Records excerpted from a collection
##############################

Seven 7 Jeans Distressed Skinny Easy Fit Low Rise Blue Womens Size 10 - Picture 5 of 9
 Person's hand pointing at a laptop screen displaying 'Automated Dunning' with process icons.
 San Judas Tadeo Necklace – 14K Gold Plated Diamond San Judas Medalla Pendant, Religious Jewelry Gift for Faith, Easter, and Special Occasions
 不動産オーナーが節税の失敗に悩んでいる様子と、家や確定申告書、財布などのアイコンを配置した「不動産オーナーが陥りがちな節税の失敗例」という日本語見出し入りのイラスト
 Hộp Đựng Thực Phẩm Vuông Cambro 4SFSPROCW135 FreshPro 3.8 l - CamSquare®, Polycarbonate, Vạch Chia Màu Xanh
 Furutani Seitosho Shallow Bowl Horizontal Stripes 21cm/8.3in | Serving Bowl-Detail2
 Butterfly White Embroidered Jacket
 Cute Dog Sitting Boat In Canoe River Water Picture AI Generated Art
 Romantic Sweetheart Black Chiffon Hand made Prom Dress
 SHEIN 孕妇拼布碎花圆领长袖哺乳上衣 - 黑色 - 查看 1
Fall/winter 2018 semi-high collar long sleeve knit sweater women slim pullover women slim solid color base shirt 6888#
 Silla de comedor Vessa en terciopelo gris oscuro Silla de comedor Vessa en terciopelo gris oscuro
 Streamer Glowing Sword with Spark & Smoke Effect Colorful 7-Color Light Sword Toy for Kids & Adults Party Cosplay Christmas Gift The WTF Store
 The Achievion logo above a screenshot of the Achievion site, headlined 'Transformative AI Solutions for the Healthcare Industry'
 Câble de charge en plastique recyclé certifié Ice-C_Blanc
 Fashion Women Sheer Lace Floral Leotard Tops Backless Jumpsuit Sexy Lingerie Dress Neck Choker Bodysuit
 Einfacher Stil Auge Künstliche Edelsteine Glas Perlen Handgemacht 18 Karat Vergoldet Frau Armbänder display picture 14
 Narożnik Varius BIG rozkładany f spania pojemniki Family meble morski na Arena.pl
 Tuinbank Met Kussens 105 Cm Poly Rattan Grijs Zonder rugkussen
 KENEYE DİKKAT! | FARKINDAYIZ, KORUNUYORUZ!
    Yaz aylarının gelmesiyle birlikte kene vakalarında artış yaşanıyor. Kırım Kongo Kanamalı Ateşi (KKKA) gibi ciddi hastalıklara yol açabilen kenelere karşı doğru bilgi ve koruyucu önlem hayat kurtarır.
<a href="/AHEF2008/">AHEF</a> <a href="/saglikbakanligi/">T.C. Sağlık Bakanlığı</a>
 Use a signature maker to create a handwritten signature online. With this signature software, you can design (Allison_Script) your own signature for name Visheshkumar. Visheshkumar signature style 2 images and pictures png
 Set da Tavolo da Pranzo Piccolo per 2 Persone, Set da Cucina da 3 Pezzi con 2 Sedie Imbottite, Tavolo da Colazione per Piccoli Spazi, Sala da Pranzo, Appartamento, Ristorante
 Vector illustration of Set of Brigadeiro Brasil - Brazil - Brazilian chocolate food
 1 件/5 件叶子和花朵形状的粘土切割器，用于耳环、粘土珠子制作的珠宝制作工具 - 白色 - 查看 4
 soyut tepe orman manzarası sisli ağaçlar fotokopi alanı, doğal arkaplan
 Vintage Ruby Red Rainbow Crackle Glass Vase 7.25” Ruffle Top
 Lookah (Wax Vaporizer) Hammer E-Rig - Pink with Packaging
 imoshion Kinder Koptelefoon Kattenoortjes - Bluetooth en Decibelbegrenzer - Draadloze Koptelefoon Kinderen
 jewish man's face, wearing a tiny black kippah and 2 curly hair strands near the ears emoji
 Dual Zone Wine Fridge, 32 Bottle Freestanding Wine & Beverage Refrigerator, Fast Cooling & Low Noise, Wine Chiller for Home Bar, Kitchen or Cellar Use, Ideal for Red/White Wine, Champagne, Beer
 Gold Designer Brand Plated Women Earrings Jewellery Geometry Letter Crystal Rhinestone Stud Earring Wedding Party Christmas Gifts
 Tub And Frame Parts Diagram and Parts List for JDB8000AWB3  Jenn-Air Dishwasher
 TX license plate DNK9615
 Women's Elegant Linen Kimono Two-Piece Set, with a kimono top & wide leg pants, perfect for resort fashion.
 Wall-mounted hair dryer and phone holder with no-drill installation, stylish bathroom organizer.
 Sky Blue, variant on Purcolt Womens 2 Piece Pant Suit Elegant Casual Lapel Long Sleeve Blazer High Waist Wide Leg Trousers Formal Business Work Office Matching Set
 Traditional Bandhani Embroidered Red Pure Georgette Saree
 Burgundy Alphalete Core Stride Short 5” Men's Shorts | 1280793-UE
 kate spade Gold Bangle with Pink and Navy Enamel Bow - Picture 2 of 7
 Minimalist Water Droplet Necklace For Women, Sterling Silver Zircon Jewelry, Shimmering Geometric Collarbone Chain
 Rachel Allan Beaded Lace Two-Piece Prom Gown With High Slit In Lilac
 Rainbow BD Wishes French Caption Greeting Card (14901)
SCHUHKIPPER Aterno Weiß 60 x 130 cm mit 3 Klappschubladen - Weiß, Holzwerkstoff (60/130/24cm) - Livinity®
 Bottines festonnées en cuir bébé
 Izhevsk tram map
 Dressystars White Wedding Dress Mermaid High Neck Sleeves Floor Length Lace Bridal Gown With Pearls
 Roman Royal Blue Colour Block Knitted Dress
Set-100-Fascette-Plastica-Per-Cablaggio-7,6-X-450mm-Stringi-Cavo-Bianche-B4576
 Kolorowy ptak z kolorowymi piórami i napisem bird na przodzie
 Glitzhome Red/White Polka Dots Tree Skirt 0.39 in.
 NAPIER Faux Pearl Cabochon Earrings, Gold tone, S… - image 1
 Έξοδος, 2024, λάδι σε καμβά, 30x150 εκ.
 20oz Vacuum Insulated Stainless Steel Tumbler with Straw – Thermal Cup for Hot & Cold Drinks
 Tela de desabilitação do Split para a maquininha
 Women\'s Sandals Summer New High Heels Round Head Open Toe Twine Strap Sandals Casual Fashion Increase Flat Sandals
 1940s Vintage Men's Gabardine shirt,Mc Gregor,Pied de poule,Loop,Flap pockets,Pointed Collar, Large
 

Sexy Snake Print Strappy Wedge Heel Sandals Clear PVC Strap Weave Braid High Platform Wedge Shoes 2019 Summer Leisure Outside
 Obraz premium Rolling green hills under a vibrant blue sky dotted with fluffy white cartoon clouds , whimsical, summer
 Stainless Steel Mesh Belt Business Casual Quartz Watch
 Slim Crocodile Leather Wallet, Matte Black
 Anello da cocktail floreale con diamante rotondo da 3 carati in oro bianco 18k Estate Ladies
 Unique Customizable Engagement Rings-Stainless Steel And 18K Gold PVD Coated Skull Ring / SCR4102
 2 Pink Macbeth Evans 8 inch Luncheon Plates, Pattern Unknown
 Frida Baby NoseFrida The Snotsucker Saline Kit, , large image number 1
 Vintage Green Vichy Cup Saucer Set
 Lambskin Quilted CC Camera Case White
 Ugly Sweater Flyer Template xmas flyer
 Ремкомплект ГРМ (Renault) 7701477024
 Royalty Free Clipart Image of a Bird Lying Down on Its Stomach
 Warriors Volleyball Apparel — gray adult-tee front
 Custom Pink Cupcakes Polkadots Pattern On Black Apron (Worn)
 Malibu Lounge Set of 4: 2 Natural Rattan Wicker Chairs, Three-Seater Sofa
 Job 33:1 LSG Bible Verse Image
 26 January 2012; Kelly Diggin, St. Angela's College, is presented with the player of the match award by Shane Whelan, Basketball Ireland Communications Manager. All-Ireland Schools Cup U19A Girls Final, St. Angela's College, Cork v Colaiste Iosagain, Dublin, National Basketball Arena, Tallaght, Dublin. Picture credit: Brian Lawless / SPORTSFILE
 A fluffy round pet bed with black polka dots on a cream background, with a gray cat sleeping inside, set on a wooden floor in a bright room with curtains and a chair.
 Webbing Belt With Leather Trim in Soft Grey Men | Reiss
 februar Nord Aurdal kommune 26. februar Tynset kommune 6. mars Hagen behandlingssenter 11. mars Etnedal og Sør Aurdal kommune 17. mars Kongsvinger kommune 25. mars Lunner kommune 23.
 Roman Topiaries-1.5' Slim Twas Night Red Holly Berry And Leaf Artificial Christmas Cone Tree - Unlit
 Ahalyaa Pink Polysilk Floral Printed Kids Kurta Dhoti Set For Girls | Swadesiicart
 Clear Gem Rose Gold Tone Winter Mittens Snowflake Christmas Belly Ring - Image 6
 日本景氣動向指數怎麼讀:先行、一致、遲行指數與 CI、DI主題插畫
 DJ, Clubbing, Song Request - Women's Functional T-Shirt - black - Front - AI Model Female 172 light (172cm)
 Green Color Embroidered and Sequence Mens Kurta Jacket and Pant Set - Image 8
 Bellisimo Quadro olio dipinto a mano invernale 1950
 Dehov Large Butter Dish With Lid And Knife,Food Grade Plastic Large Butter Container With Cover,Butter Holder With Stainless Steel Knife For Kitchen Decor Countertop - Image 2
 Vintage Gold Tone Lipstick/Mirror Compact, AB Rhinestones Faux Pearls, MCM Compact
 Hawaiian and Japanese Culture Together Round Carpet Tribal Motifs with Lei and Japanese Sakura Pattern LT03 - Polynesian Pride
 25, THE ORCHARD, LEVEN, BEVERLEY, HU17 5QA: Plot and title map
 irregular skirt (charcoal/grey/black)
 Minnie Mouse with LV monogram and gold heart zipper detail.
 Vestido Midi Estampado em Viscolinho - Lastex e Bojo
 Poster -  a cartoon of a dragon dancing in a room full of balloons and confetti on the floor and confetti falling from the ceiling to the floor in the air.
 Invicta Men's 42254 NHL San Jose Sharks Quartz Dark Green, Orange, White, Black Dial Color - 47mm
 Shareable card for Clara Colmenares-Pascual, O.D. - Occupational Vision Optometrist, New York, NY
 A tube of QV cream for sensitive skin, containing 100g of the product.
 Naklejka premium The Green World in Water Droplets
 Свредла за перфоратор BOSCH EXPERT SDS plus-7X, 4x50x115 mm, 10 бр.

##############################

PROBLEM REQUIREMENTS | Look through the data above and return exactly the lines from the one that contains "DJ, Clubbing, Song" to the one that contains "Bellisimo Quadro olio", inclusive, with nothing else.

REPLY TO THE EXERCISE |
 DJ, Clubbing, Song Request - Women's Functional T-Shirt - black - Front - AI Model Female 172 light (172cm)
 Green Color Embroidered and Sequence Mens Kurta Jacket and Pant Set - Image 8
 Bellisimo Quadro olio dipinto a mano invernale 1950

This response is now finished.